(Records shown begins)
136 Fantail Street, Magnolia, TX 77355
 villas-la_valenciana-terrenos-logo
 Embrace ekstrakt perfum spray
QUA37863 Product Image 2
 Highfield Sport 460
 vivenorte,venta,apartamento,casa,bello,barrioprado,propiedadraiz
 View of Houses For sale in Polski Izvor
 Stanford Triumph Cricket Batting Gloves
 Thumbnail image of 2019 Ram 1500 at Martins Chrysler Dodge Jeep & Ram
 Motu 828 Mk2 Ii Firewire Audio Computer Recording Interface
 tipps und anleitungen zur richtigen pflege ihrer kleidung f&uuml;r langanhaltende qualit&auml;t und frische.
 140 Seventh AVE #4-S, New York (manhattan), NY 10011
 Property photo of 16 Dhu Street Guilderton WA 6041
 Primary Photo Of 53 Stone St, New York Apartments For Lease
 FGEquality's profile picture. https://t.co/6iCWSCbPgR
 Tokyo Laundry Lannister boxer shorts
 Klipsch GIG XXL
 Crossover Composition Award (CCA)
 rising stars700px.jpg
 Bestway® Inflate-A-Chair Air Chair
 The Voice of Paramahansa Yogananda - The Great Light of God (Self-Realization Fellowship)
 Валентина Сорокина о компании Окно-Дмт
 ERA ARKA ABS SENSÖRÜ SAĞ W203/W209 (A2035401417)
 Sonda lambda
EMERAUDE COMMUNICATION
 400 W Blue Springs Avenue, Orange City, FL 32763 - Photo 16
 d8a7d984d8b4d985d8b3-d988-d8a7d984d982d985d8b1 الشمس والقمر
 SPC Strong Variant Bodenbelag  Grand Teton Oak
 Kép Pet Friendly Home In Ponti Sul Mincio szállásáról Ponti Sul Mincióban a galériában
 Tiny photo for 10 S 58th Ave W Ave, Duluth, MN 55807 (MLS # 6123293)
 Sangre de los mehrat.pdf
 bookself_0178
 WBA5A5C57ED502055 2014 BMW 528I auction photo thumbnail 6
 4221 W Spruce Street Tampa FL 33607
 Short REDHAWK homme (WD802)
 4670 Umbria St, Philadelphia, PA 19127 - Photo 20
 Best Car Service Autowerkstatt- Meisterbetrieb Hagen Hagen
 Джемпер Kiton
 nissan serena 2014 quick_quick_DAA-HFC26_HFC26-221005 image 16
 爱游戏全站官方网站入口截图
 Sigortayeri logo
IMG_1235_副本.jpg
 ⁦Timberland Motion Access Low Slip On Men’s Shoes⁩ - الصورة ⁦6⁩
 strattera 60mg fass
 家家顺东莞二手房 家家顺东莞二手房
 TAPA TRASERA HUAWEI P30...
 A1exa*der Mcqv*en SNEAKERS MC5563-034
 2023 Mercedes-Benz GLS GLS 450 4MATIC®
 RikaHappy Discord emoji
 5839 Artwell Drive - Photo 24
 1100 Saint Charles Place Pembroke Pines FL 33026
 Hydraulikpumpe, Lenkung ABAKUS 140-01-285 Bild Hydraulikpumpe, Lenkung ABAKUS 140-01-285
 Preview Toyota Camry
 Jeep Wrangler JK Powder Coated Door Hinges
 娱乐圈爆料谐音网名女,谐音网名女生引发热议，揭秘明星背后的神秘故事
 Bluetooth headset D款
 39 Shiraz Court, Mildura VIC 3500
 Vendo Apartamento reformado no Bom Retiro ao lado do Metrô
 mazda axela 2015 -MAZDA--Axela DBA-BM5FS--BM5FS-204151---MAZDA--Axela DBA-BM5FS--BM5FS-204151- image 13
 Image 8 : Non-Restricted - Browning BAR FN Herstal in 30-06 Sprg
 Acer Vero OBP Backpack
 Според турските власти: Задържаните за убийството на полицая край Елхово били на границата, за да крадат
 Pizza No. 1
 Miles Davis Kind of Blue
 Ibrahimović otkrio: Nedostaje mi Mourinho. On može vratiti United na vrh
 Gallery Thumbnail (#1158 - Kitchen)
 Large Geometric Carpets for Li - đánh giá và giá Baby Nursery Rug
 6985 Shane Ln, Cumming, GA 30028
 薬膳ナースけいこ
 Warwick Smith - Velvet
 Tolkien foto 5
(Records shown ends)
▸ Problem to solve: Look through the entries above and find each line where the word "York" occurs; copy those lines.

▸ Task answer:
 140 Seventh AVE #4-S, New York (manhattan), NY 10011
 Primary Photo Of 53 Stone St, New York Apartments For Lease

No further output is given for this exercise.